The whole mentality of both parents being responsible is why only the non-custodians income is considered. What he pays me is based on his income. If it not enough for me to get by then it's up to me to make up the difference. And likewise he doesn't pay less just because I am well off.

It's just a set amount that I get each month. There is no talk about what I spent on our son. It is understood that i contribute to his care as well and since it's my responsibility to care for him, it's my choice on how all of my money is spent.

After reading this thread I'm happier more then ever that we have such a simple and fair system here in Canada.
this is exactly what child support is suposed to be, not just in canada. the only time you have idiotic comments about exactly how the money is spent is from men who resent the mom so much that he's afraid "his money" is benefitting her. someone that simple minded is impossible to reason with. if i didn't have his THREE kids i wouldn't need this 4 bedroom house, my electric, water, groceries, etc would be drastically reduced. when that payment comes to me it goes into my checking account. he thinks (and has told the kids) the money is STRICTLY for the kids. as in it doesn't go towards any bills. he wants it in their hands for them to shop at the mall with. now tell me that isn't jiust IGNORANT. and you can imagine the problems it caused in the beginning when he would tell the kids that he just sent me $300 to give them. :sad2: it was hard explaining to the kids (especially the girls) that their dad was just being a jerk and no, we aren't going to the mall!
 
/
as long as the kids are taken care of it's absolutely none of the non-custodial parent's business how ANY of the money is spent....it's not seperate money. it is household money and out of that bills are paid, clothes are bought, haircuts are paid for, gas goes in the car, food is bought, etc....
how do you seperate which money paid for mom's nails and which paid for the kid's shoes???? you don't. the custodial parent has a responsibility to make sure the kids are taken care of and have the things they need.
 
wdwmom3 said:
I think people need to take a step back and think about what it really costs to raise a child.
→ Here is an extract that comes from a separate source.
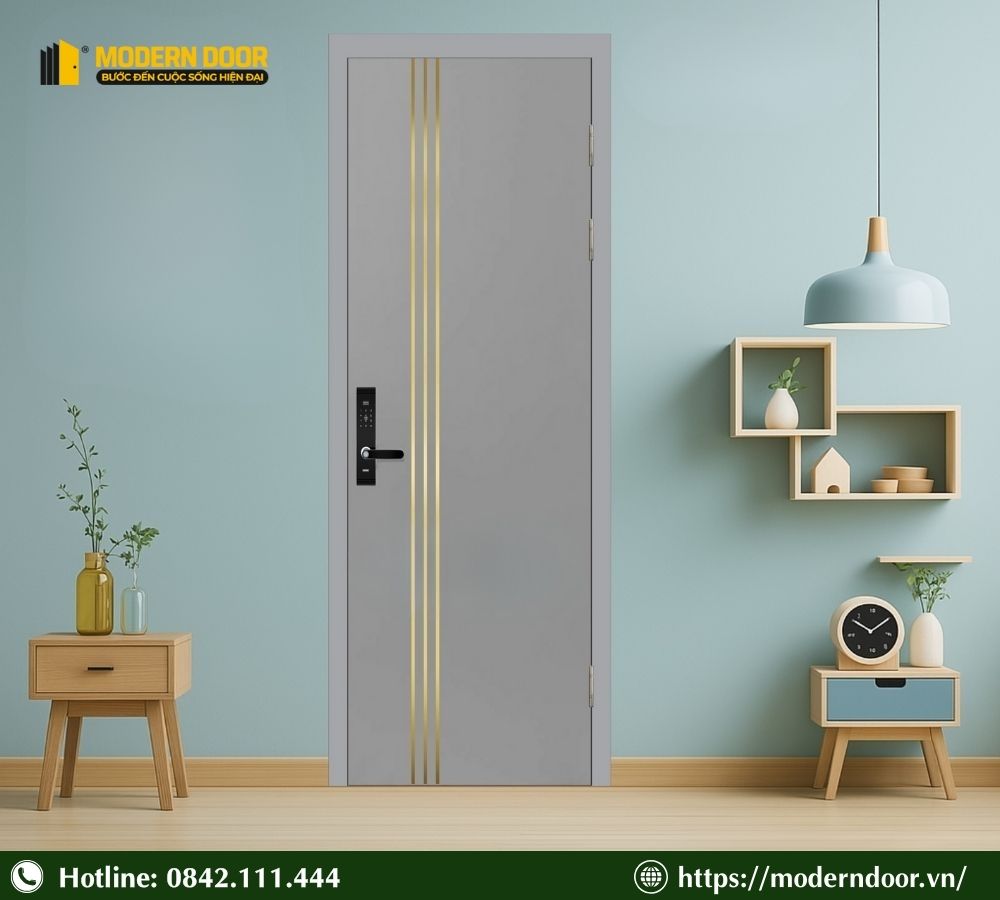 Báo Giá Các Loại Cửa Cách Âm Phòng Ngủ Mới Nhất 2026 35 Mẫu cửa cách âm gỗ nhựa composite, màu xám kết hợp đường kẻ vàng gold sang trọng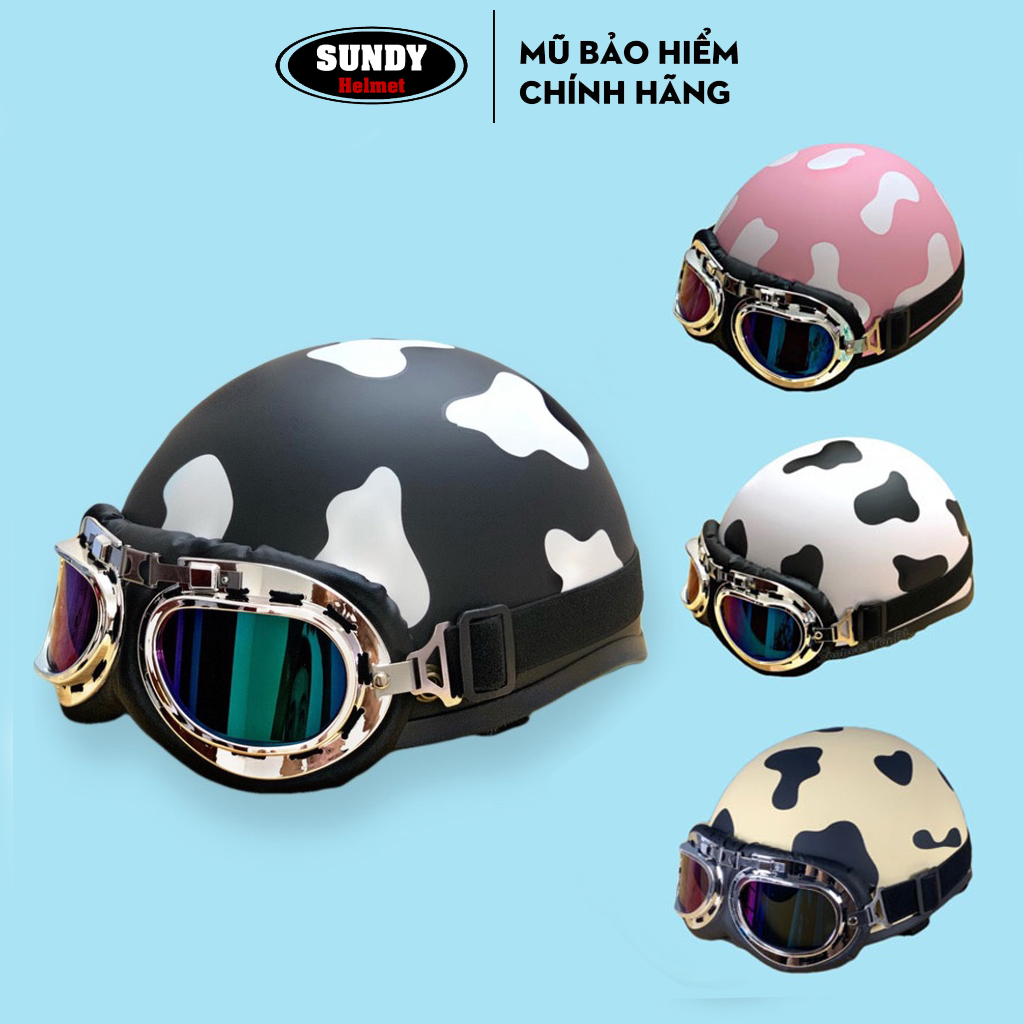 Mũ Bảo Hiểm Nửa Đầu Thời Trang SUNDY HP-01, Nón Bảo Hiểm Tem Bò Sữa Cute Nhiều Màu, An Toàn, Chất Lượng - Hàng Chính Hãng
It is more then the clothes on their backs and the food they eat or the furniture in their rooms. When people are together expenses are looked at as expenses of a FAMILY. Not individual people. The same thing continues after a breakup. There are expenses of a FAMILY. I don't sit around and think about what I have spent on separate members of the family. I spend what needs to be spent to have a nice home for everyone to a enjoy.

My ex pays support based on what he makes. The courts feel that is how much he should be paying to support his child. It has nothing to do with what is bought for the child. I'm given a set amount each month and that goes into my bank account with all my other money. Anything that needs to be paid for is just paid for. I'm sorry but I just can't follow your logic. I can't understand how expenses of a household are not expenses of a family. I can't understand how you can take the money you spend and allocate it to different people? And I have an accounting degree lol. Maybe I'm not getting something.

Essentially your ex husband is paying for your entire FAMILY then and not just the support of his child. Your new FAMILY is not his concern however the wellbeing and support of your child is. I also have an accounting degree and imo its simple math. You had a child together. The child is 50% HIS responsibility. Not the other 5 members of your household. (Just a number I'm throwing out there I have no idea how many are in your family)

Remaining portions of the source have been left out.